Copy nothing but the text: reproduce each line of the listing exactly and leave the pictures out.

[Supplied information Boundary: Start]

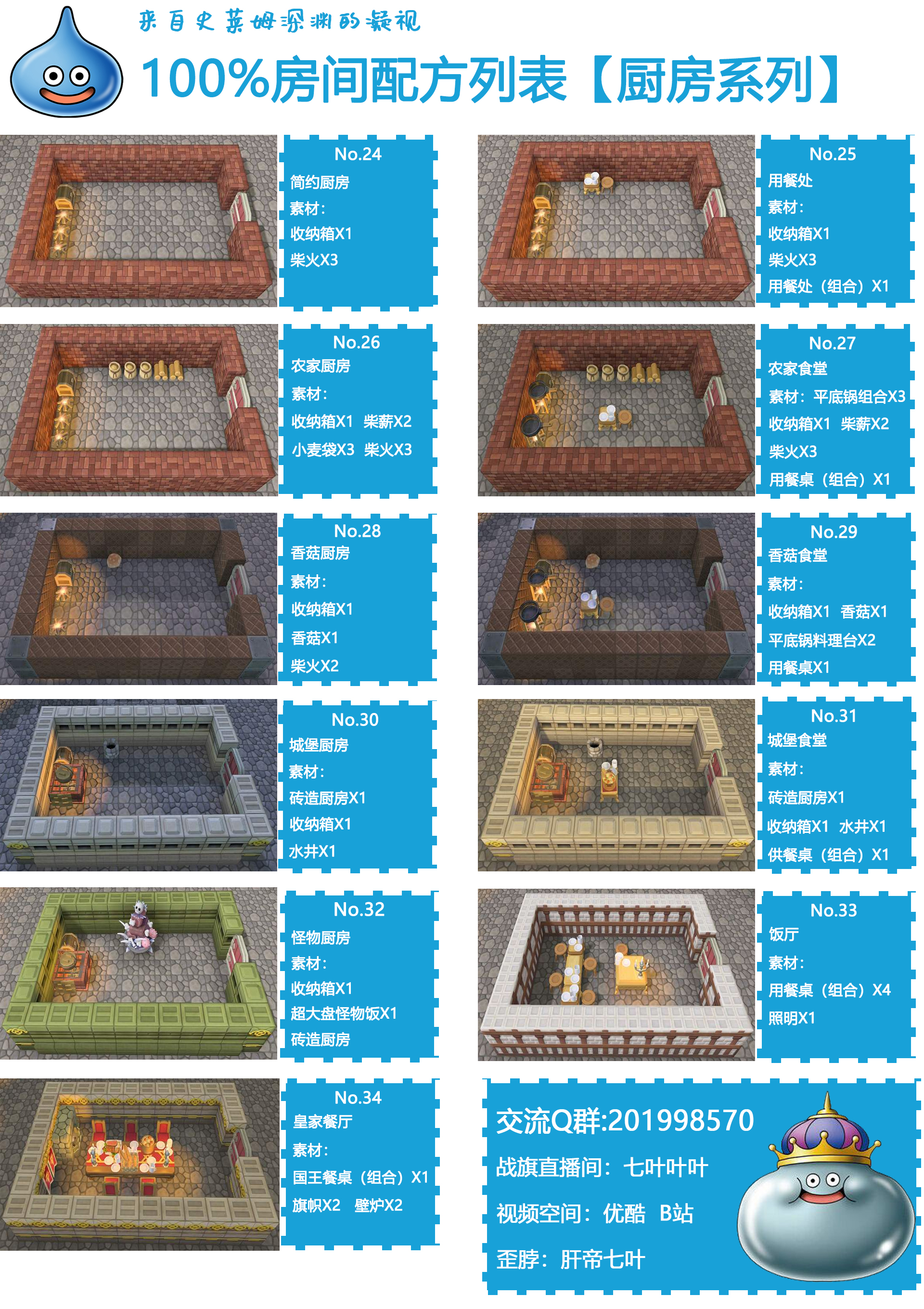 勇者斗恶龙建造者2\/创世小玩家2 100%完成度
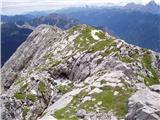 Parkirišče pod Nassfeldom - Konjski špik / Monte Cavallo / Rosskofel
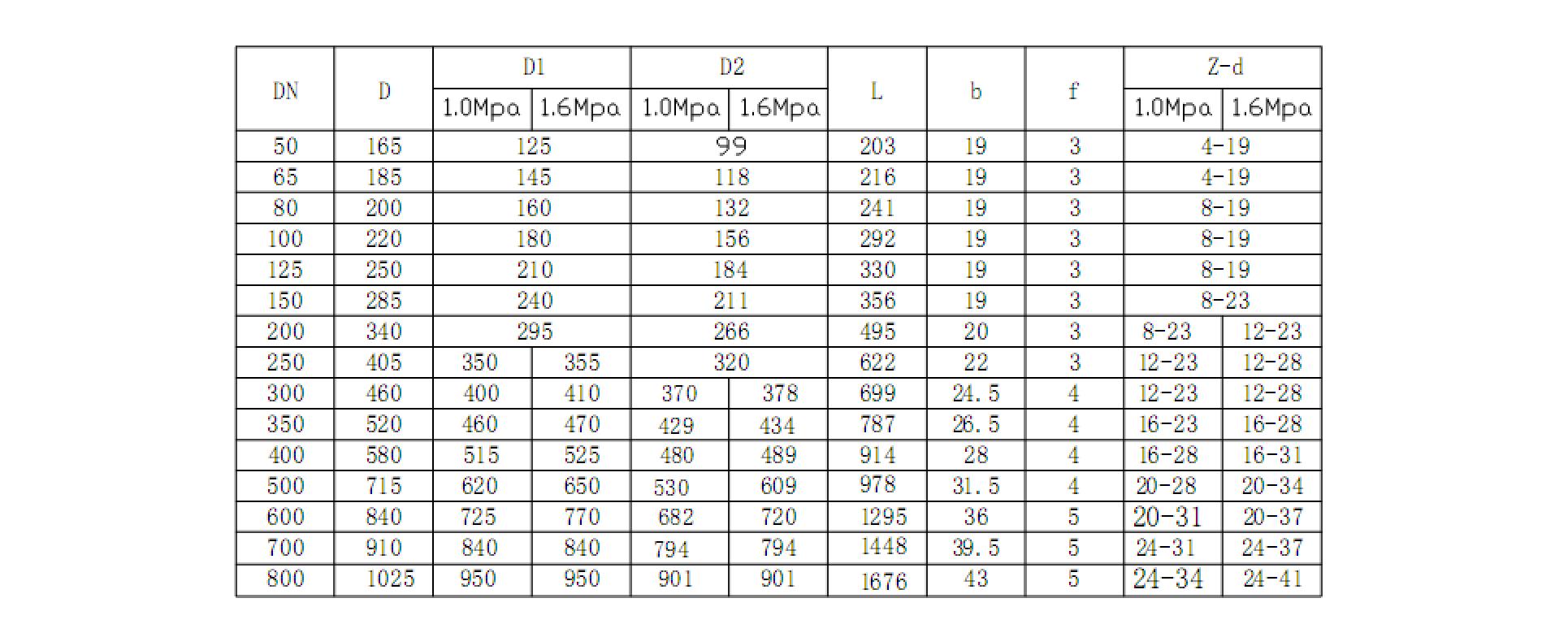 SWINGCHECKVALVE-DIMENSION.jpg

[Supplied information Boundary: End]

## Written reply:
 勇者斗恶龙建造者2\/创世小玩家2 100%完成度
 Parkirišče pod Nassfeldom - Konjski špik / Monte Cavallo / Rosskofel
 SWINGCHECKVALVE-DIMENSION.jpg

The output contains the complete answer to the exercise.